- [Supplied material]
━━━

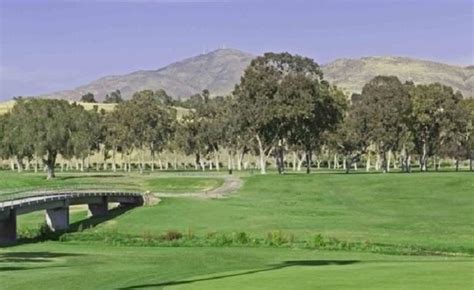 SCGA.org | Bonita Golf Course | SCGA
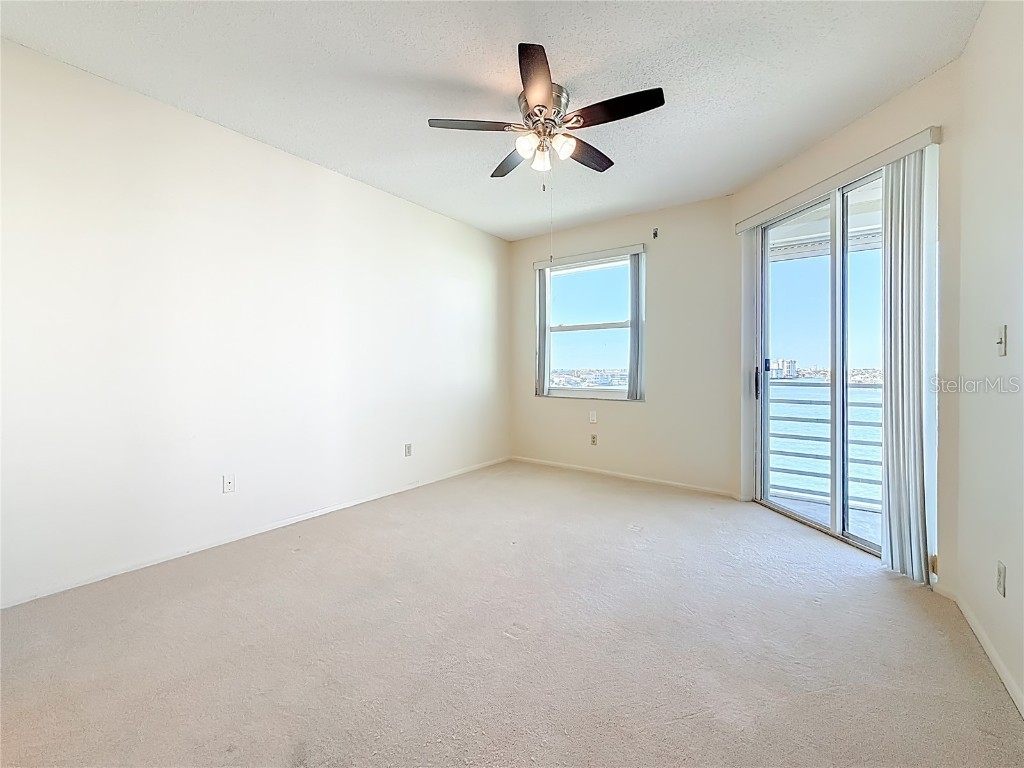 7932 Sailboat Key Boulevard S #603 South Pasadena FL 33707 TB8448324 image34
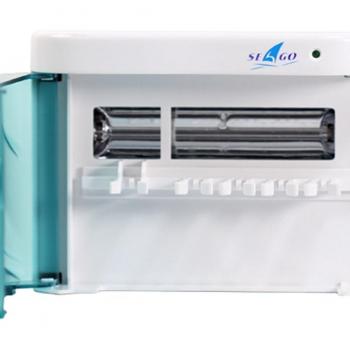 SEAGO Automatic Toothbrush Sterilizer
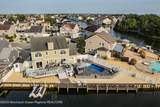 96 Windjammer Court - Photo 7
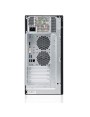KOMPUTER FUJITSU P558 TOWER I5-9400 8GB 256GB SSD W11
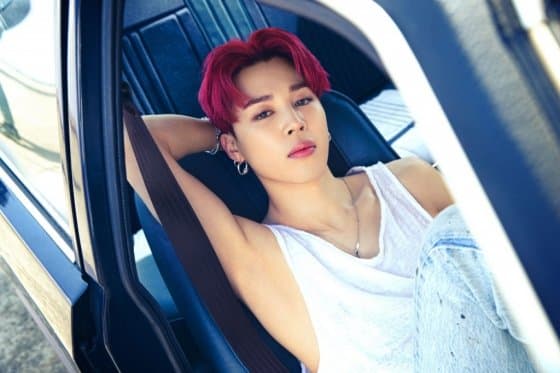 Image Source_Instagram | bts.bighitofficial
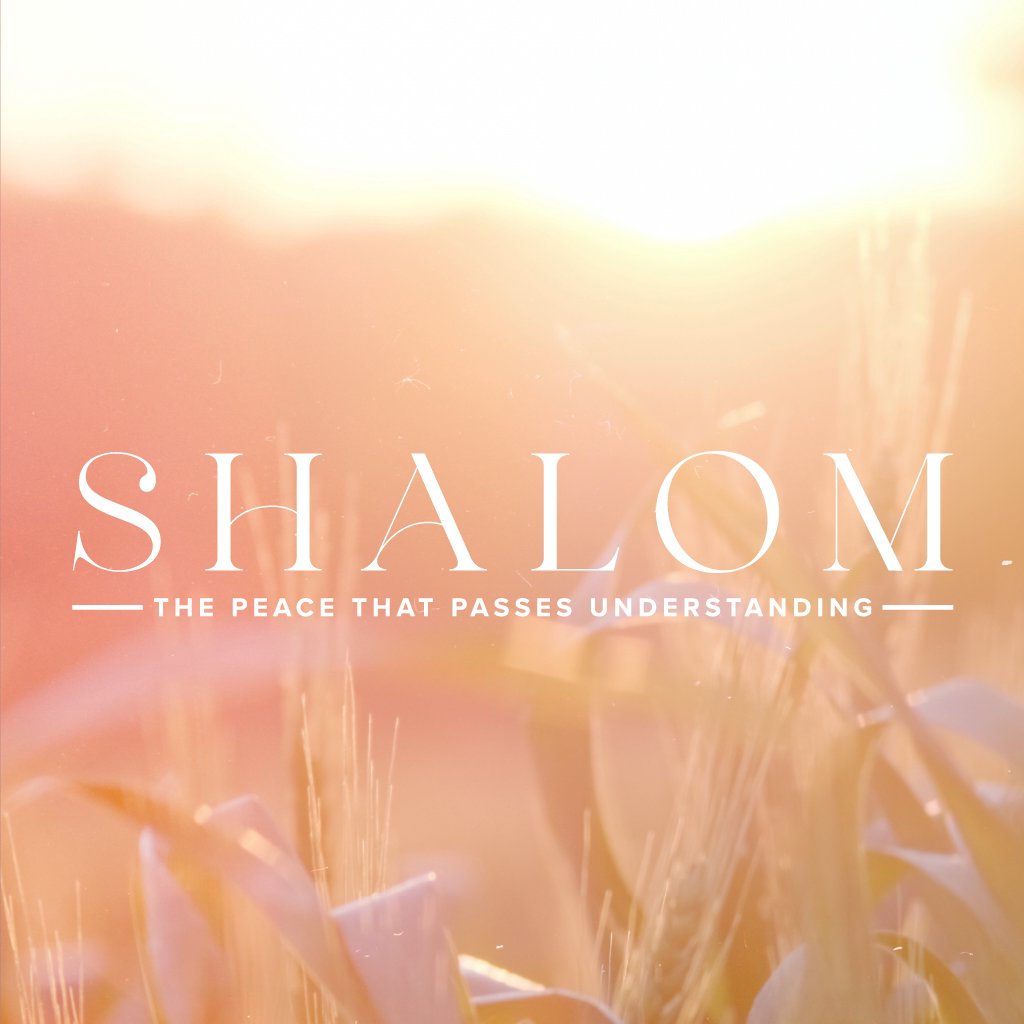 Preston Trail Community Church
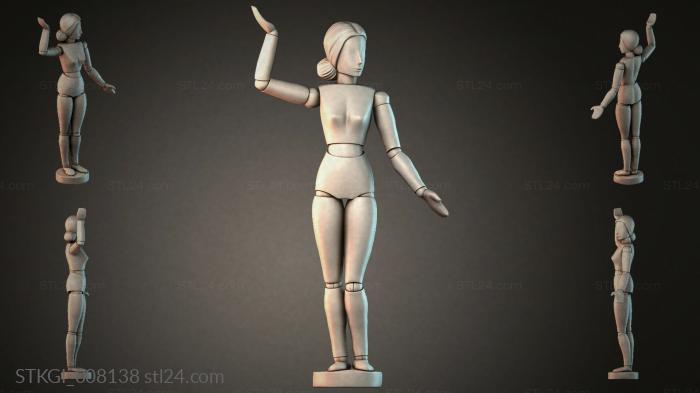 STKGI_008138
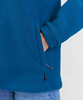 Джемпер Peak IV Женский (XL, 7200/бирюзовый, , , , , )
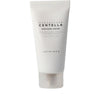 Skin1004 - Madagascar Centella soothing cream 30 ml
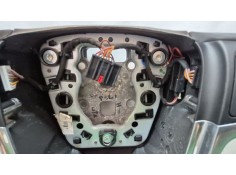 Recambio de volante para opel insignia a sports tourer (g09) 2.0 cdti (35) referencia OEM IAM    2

━━━

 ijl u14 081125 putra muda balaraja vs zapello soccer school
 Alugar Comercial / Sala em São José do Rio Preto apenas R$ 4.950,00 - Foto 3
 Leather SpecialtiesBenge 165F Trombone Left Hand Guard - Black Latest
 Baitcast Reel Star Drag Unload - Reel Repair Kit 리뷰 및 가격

━━━

- [What to work on]
Beginning with the line holding "Alugar Comercial /" and ending with the line holding "Baitcast Reel Star", write out the stretch of material above exactly; add no further lines.

- [Answer to this exercise]
 Alugar Comercial / Sala em São José do Rio Preto apenas R$ 4.950,00 - Foto 3
 Leather SpecialtiesBenge 165F Trombone Left Hand Guard - Black Latest
 Baitcast Reel Star Drag Unload - Reel Repair Kit 리뷰 및 가격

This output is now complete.